Of all the lines below, output only those starting at the one with "鸣潮2.0洛可可养成材料如何收集" and ending at the one with "SYSTEMS AND METHODS", both ends included, exactly as written.

> [Data for review]:
-----

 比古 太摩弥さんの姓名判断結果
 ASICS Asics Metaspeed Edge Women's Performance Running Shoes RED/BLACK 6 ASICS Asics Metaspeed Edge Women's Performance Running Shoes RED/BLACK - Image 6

-----

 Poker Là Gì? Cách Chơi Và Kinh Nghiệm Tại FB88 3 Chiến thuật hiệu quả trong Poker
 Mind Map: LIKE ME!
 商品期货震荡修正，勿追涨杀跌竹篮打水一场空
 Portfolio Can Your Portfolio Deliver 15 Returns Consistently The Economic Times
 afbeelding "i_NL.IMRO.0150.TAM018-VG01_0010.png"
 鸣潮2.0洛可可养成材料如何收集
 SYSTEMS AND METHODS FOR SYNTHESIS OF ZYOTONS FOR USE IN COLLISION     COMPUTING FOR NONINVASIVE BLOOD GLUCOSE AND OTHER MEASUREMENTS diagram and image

-----

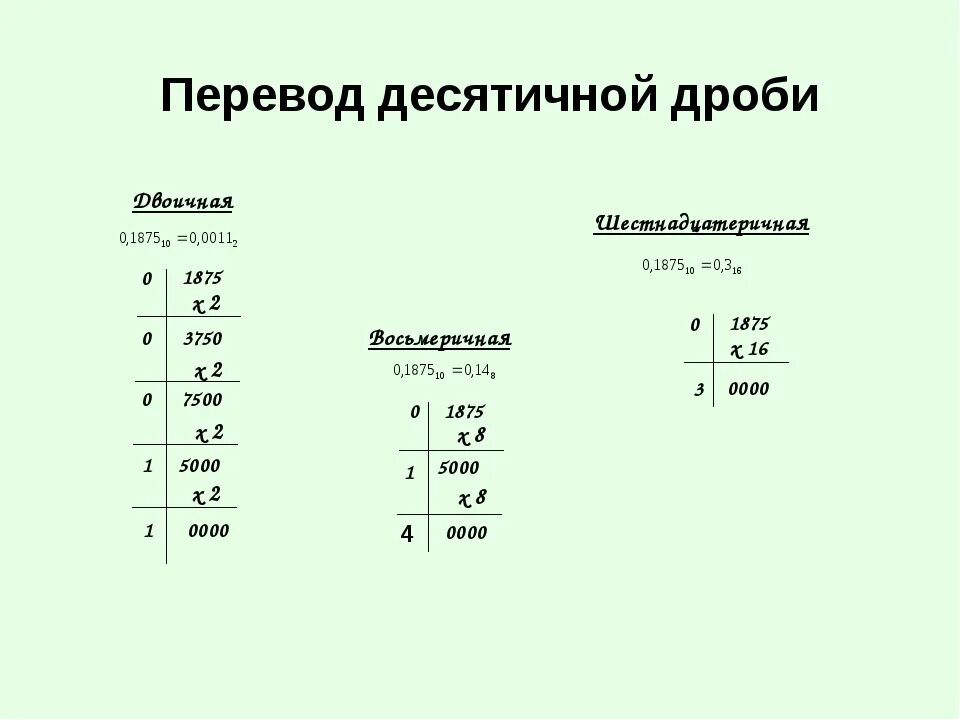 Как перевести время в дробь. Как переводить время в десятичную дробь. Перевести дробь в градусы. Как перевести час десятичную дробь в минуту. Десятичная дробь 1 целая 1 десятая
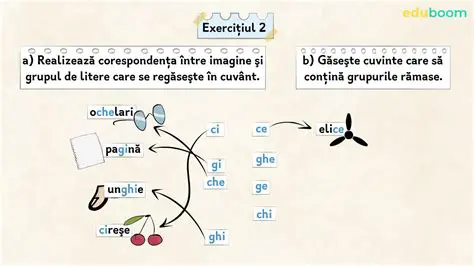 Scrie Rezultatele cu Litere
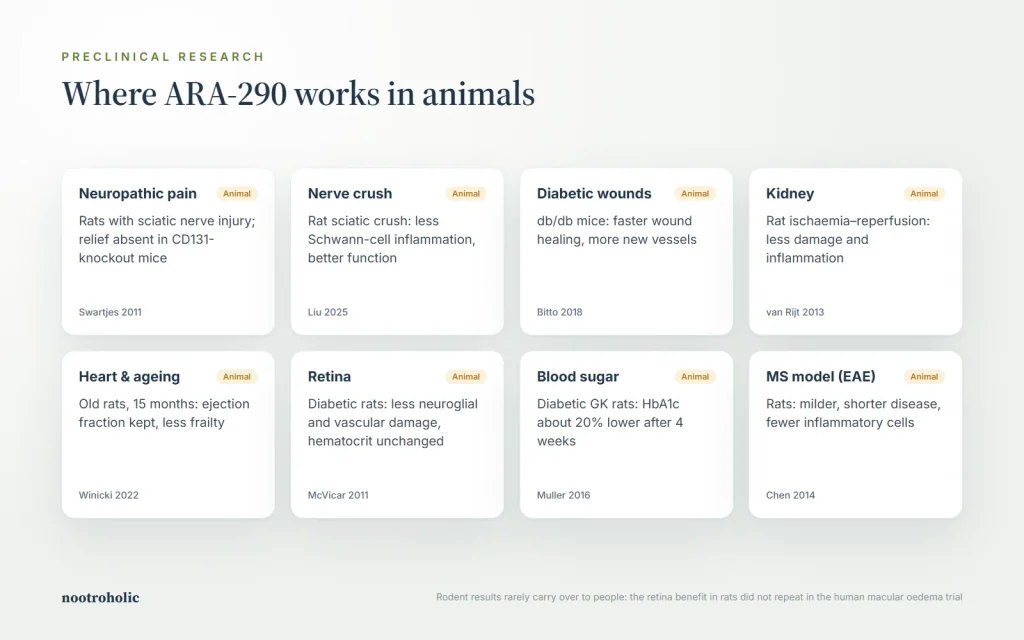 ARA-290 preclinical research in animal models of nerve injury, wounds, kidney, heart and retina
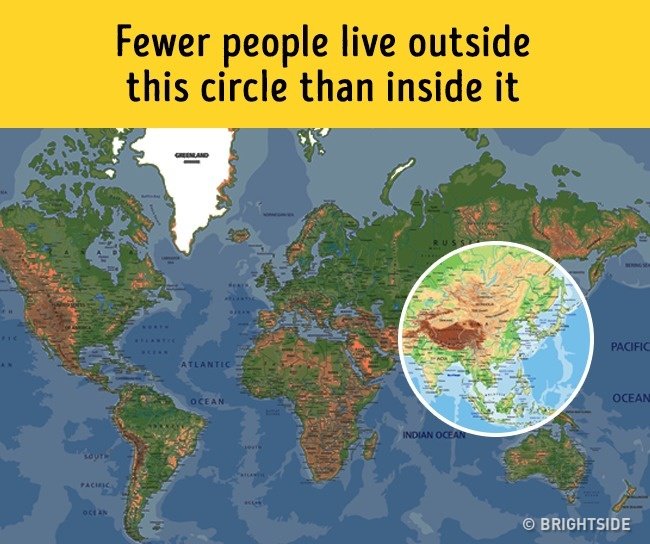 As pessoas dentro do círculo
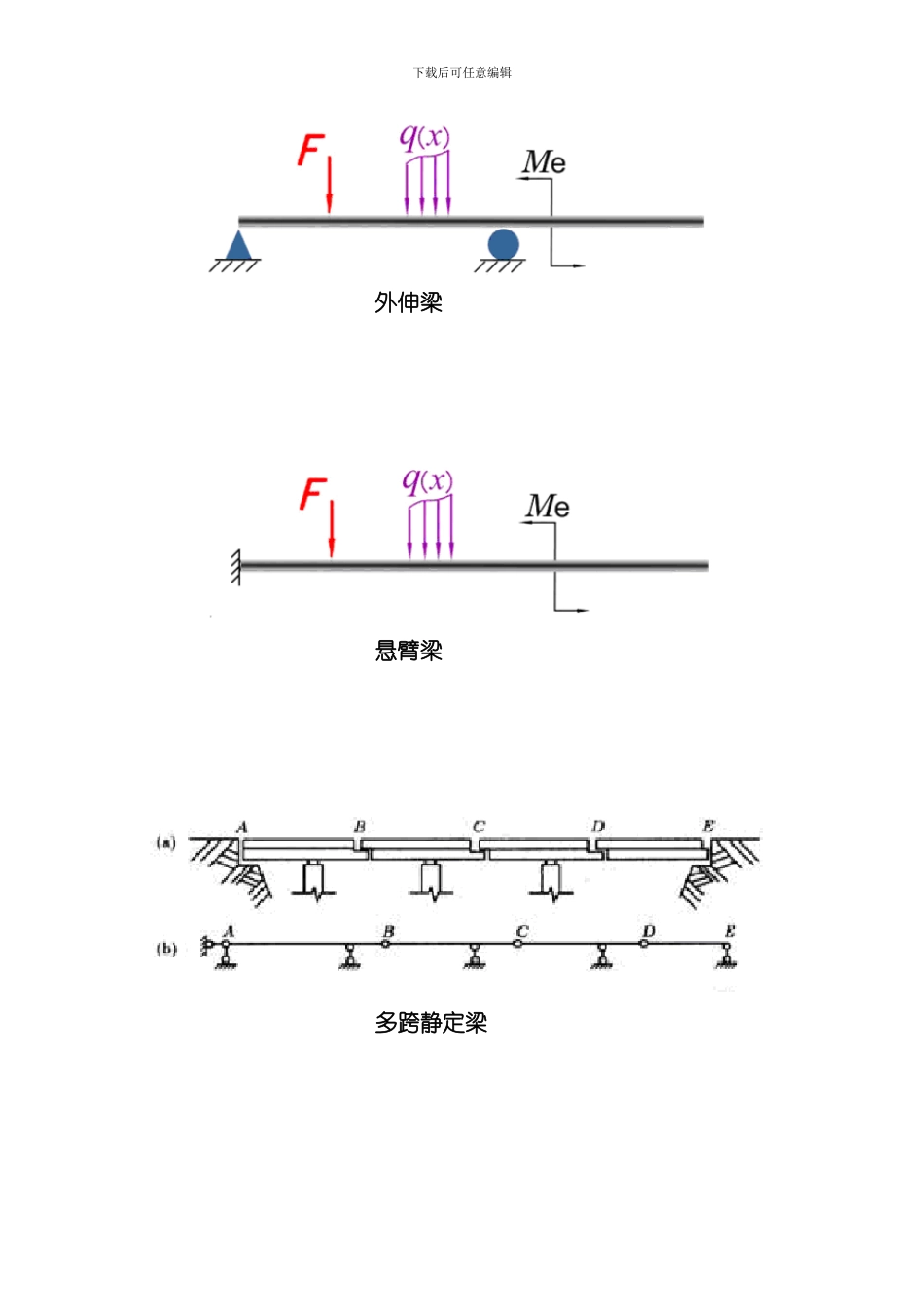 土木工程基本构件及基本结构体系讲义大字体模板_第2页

-----

> [Answer box]:
 鸣潮2.0洛可可养成材料如何收集
 SYSTEMS AND METHODS FOR SYNTHESIS OF ZYOTONS FOR USE IN COLLISION     COMPUTING FOR NONINVASIVE BLOOD GLUCOSE AND OTHER MEASUREMENTS diagram and image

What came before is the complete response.